When the roll, is called up yon-der,
When the roll, is called up yon-der,
When the roll, is called up yon-der,
When the roll is called up yonder I’ll be there.

And later we jammed to  I’ll fly away:

Some glad morning when this life is o'er, 
I'll fly away; 
To a home on God's celestial shore, 
I'll fly away (I'll fly away). 

I'll fly away, Oh Glory 
I'll fly away; (in the morning) 
When I die, Hallelujah, by and by, 
I'll fly away (I'll fly away). 

When the shadows of this life have gone, 
I'll fly away; 
Like a bird from prison bars has flown, 
I'll fly away (I'll fly away) 


Just a few more weary days and then, 
I'll fly away; 
To a land where joy shall never end, 
I'll fly away (I'll fly away) 

“They are wanting to fly away because it sucks here,” noted one of the banjo players, as we riffed on bluegrass, memories, southern sensibilities, and the songs marking that luminal space between here and elsewhere.

As the evening went on, we played more and more death and breakup songs, Worried Man Blues.

Sunday, the planet was waking up.  We made our way to Judson even thought Sunday school has been more and more about god and religion which worries number two a great deal. But it wasn’t too long before enjoying lunch and a trip out for garden clean up and work days.  The whole city seemed alive with artists, gardeners and everyone else enjoying the sunshine.
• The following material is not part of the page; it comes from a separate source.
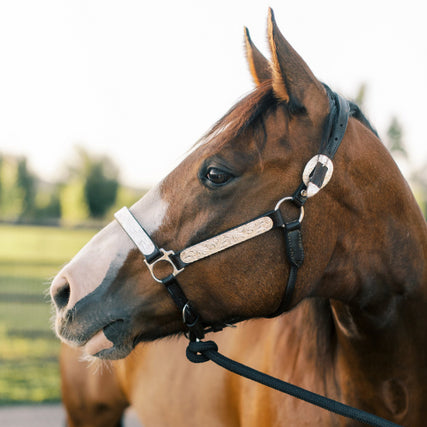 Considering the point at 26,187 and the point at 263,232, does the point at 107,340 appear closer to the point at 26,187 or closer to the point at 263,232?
the point at 263,232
The gardens looked majestic.  Cats rolled in the sun, as we played and raked, hung out and cleaned in the realm of the living with the thoughts of the others, of the matt powers,  Michael Shenker, never far behind, walking through the majestic city, through my favorite gardens and streets, looking at what they tell us.

Back home, number two asked if she could listen to the sea from the conch shell I have sitting on my bookshelf.  The image of my Dad and I eating lunch in Galveston Tx and Dad purchasing that silly shell from years ago came to mind.  You never know when those silly memories are going to be some of the last you have with them. The finality of these moments, the sudden period mark on a memory is jarring. Number two and I sat with our ear to the shell, listening to the seagulls from Galveston, the water hitting the beach.
After dinner, the three of us cleaned up, putting out the fermenting food waist compost to decompose in the dirt.

it’s to save the world, explained number two, recognizing the cycles of regeneration around us. 

She was probably right.  Decompose, recompose as something else takes shape, a flower growing in the dirt in these first warm days of spring among the living, the ghosts, and their memories.